Incremental formulas are formulas where there are a lot of identical (but relative) formulas, and the results of one formula depend on the previous one. The Fibbonaccci sequence is one example outside of spreadsheets. For those of you who aren’t familiar with it, the Fibbonacci sequence is an interesting sequence of numbers: 0, 1, 1, 2, 3, 5, 8, 13, and so on. It’s interesting because it occurs a lot in nature, but can be derived by a simple set of rules.

Rule 1: The 1st number is 0, the second number is 1.
Rule 2: All subsequent numbers are the sum of the previous two numbers.

That is to say, the third number is 0+1=1, the fourth is 1+1=2, fifth is 1+2=3, sixth is 2+3=5, and seventh is 3+5=8.

You can actually create the Fibonacci sequence in a spreadsheet very easily, by taking advantage of relative references. A1=0. A2=1. A3=A1+A2. Then copy A3, and paste it down as many rows as you like. The formula will automatically change so that A4=A2+A3, A5=A3+A4, and so on.

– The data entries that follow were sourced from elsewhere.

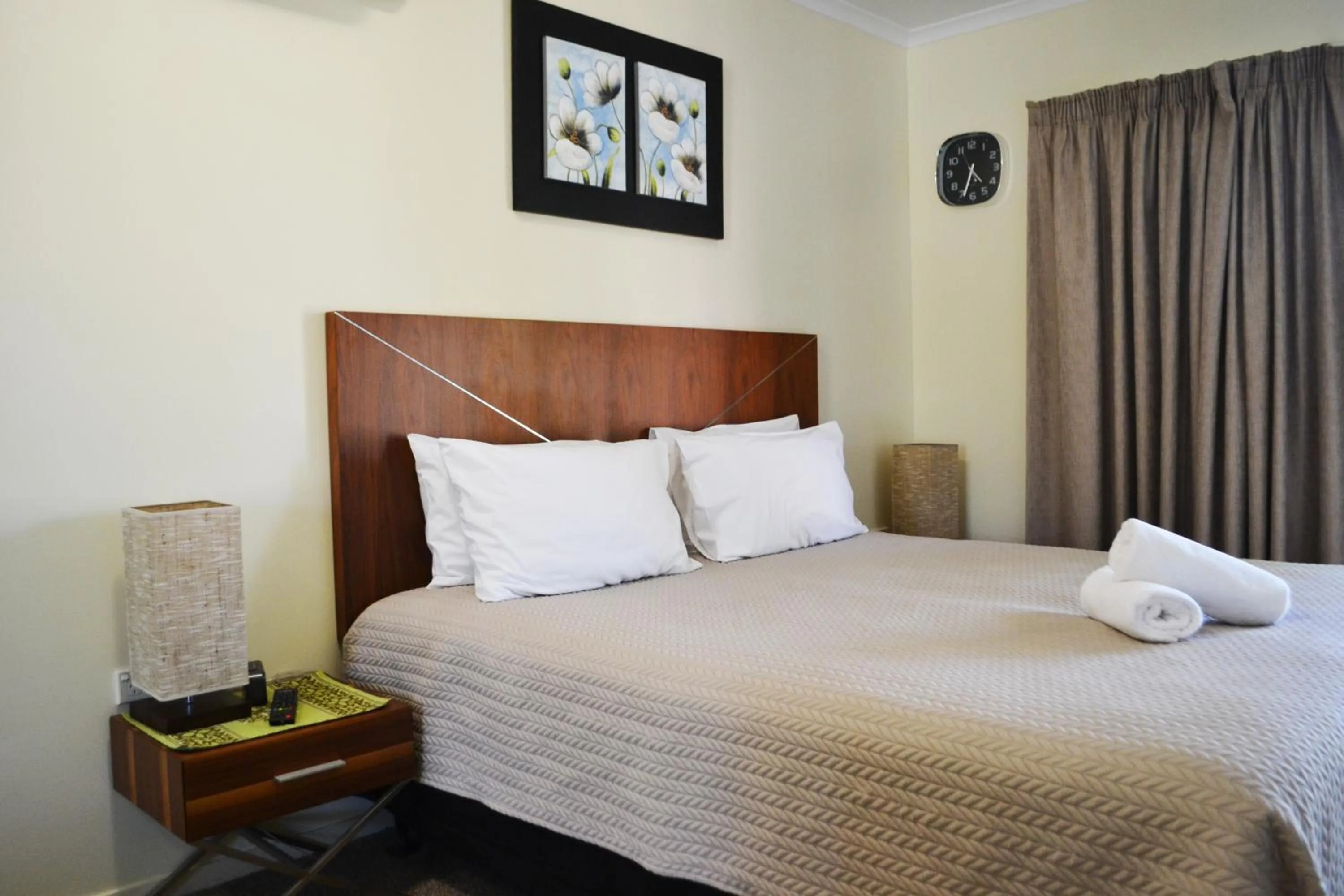 Bedroom, Bed in Hinchinbrook Resorts Management Pty Ltd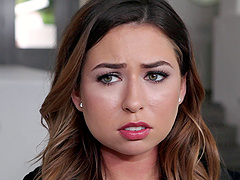 Melissa Moore sucking and receiving the imposing tool of Sean Michaels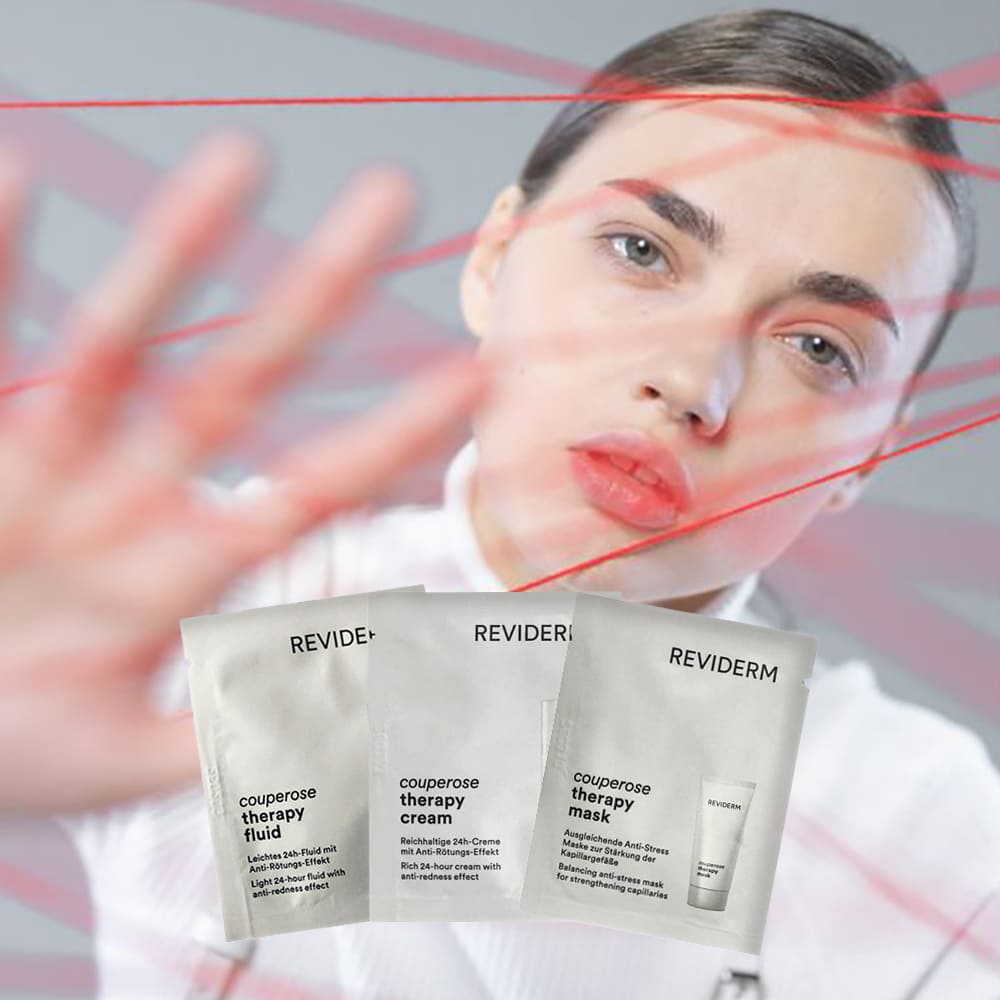 Couperose Therapy REVIDERM | REVIDERM.uk Couperose Therapy REVIDERM | REVIDERM.uk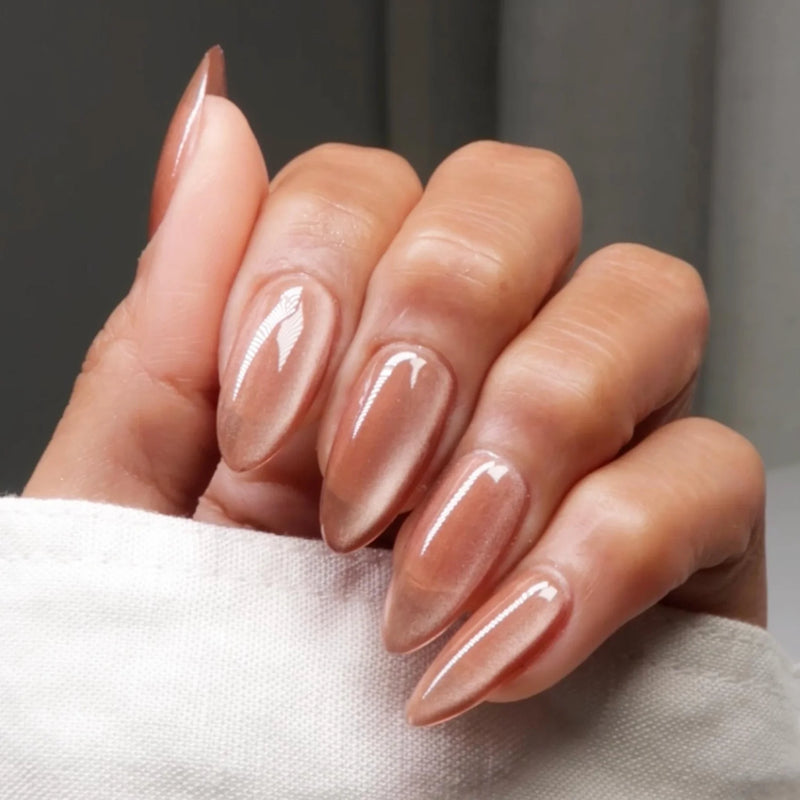 Diva 9D Cat Eyes Collection Glassball Set 12 colors #1 - #12 GEL ONLY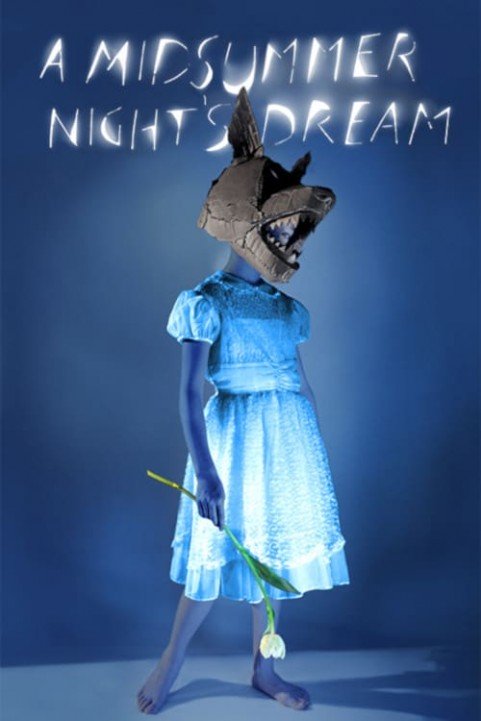 A Midsummer Night's Dream (2014) poster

When I created the 9×9 multiplication table last week, I didn’t type in all the numbers for the row and column headers. I just typed two formulas: B1=A1+1 and A2=A1+1. Since A1 was empty, that counts as zero, so A1+1=1. Then I copied B1 and pasted it in C1:J1, and copied A2 and pasted it in A3:A10. Tada – the headers were set up, and I didn’t have to type them all by hand. You could argue that it wouldn’t be much harder to do it by hand, and that’s true for a 9×9 table, but what about a 20×20? 100×100? Plus, as always, using formulas means minimizing the risk of typos. For example, if I were hitting a number, then hitting tab to move to the next cell, and repeating the process until done, it’s entirely believable to me that my “number” finger would be a titch faster than my “tab” finger on one entry. So I might end up with 45 in what should be the “4” column, and nothing at all in what should be the “5” column.

Another thing I do with the basic A1+1 formula is creating “order” columns. Sometimes I’m working with information that I know I’ll want to sort, but it still matters what order it was originally in. One good example of this is the finding files project I shared a few weeks back. Another is when I’m proofreading manuscripts – sometimes I only need to look at certain lines, such as lines that contain ( or ) when I’m checking citations, but it will still matter what order they were originally in. So I can incrementally number the lines using this formula, copy & paste it as values over itself, and then no matter how I sort it I can always go back to the original by sorting by the “order” column.